UN Parallel Text (Complete)

Item Name: UN Parallel Text (Complete)
Author(s): David Graff
LDC Catalog No.: LDC94T4A
ISBN: 1-58563-038-1
ISLRN: 804-587-727-227-7
DOI: https://doi.org/10.35111/zedp-vb74
Member Year(s): 1994
DCMI Type(s): Text
Data Source(s): government documents
Application(s): machine translation
Language(s): French, English, Spanish
Language ID(s): fra, eng, spa
License(s): UN Parallel Text Agreement
Online Documentation: LDC94T4A Documents
Licensing Instructions: Subscription & Standard Members, and Non-Members
Citation: Graff, David. UN Parallel Text (Complete) LDC94T4A. Web Download. Philadelphia: Linguistic Data Consortium, 1994.
Related Works: View

Introduction

UN Parallel Text (Complete) contains English, French and Spanish official documents provided to the Linguistic Data Consortium (LDC) by the United Nations (UN) for use in research on machine translation technology. The documents are from achives maintained by the UN Office of Conference Services in New York and span the period 1988-1993.

The following individual releases by language are also available from LDC:

LDC94T4B-1 UN Parallel Text (English)

LDC94T4B-2 UN Parallel Text (French)

LDC94T4B-3 UN Parallel Text (Spanish)

Data

All parallel files in this corpus are English-based: for every file in the English directory, there is a corresponding file in either the French or Spanish directory, or both. Tables are included to assist in determining which parallels are present.
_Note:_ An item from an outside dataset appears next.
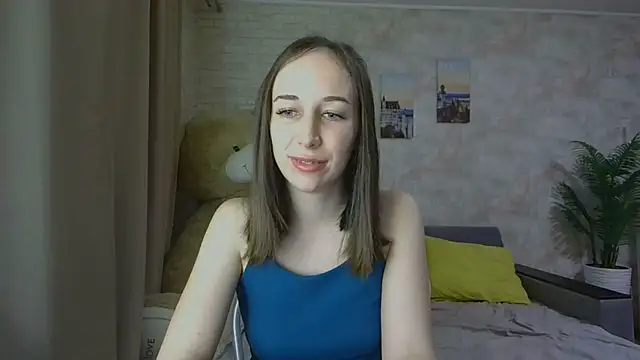 Snapshot of Anika_bloom chatting on 10.26.25 Anika bloom online show from 10.26.25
Similarly, the documents are arrranged in a parallel directory structure for each language so that corresponding translations of a document are found directly by means of the directory paths and file names.

The total content by number of words (milllions) per language is summarized below (values are approximate):

English: 22,00059

French:  20,00058

Spanish:  14,40048

French/Spanish parallel data: 12,70038 (per language)

An SGML (Standard Generalized Markup Language) tagging structure was applied to the text. It preserves all typographic and meta-information present in the UN archival files. For using SGML, a working DTD (Document Type Definition) is provided. If SGML is not used, a simple script is included for use with the sed (stream-editor) utility to filter out SGML-specific material and meta-information, leaving only the plain text.

The character set is 8-bit ISO 8859-1 Latin1, in which accented letters and some other non-ASCII characters occupy the upper 128 entries of the character table.

Parallel samples of the three languages in this publication are listed below.

Based on the combined usage of title strings and document numbers, parallel sets amounting to over 60% of the data in the archive (a total of 56,684 files in 21,986 parallel sets) were identified. Parallel sets in the remaining 40% were not identified, due in part to the fact that this data set contains only English-based parallel sets. Parallel sets that include only French and Spanish versions are not part of this release.

Parallel sets identified by this automatic method include errors. A number of cases (over 700 in the corpus as a whole) where the members of a parallel set show a serious discrepancy in quantity of text were observed. Also, some of these sets (and perhaps some less obvious cases) constitute a complete mismatch. The reftable files in the tables directory provide an indication of the relative consistency among members of parallel set in terms of overall size. From these tables, the least likely candidates for parallelism can be identified.